Back then, Madeira was favored because it was one of the only wines that managed to survive the long voyage overseas to the Americas without spoiling. Madeira was so loved, in fact, that during the signing of the Declaration of Independence the Founding Fathers consumed 50 bottles of the wine… along with another 60 bottles of Claret and 22 bottles of Port. So, considering there were 56 delegates present, that’s about two and a half bottles per delegate. Perhaps a little overkill… But, who are we to judge?
Although 90+ Cellars doesn’t have a Madeira in our portfolio, we do have a few “Clarets” (red blends made with Bordeaux varietals). Given his enjoyment of these wines, we think old GW would have loved our Lot 150 Cabernet Sauvignon and Lot 100 Monster Red Blend. Both of these wines are big, bold and high class… just like our first President.

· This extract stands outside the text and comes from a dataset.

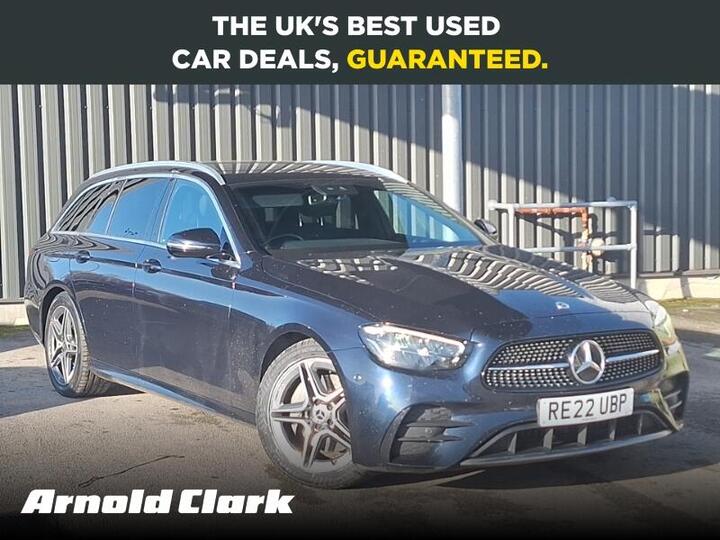 Mercedes-Benz E Class 2.0 E220dh MHEV AMG Line G-Tronic+ Euro 6 (s/s) 5dr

“Wine brightens the life and thinking of anyone.” – Thomas Jefferson
It’s often said that Jefferson was America’s first true wine geek. As an ambassador to France, he gained appreciation for French, Italian, Spanish and Portuguese wines, and while it’s widely said he favored Madeira and Bordeaux, his collection contained almost everything imaginable. Jefferson had a special appreciation for age-worthy wines, putting him well ahead of his time.

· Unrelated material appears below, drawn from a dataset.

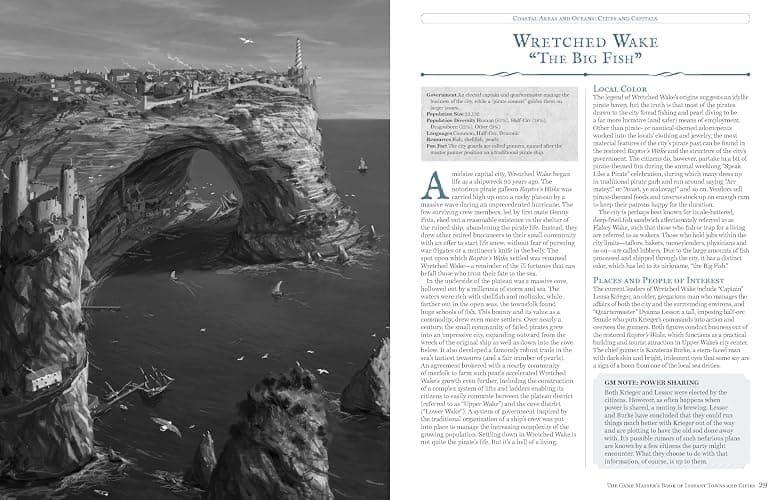 The Game Master's Book of Instant Towns and Cities: 160+ unique villages, towns, settlements and cities, ready-on-demand, plus random generators for ... RPG adventures (The Game Master Series) thumbnail 4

What wines to serve to the geekiest of wine geeks? Well, we believe Jefferson would be drawn to our collection of Barolos for their European descent, age-worthiness and complexity. In particular, we think he would have really enjoyed our two Cru Barolos from Serralunga d’Alba and Bussia.
Richard Nixon was one of the first presidents to introduce California wine to the White House, and he almost exclusively served California wine to every guest he had join him. Despite serving California wine, however, Chateau Margaux remained his personal favorite. In fact, it is said that oftentimes he would serve his guests less expensive wines while indulging in a nicer bottle himself. Of course, in true Nixon form he would have his servers hide the bottle under a towel so it wouldn’t be seen!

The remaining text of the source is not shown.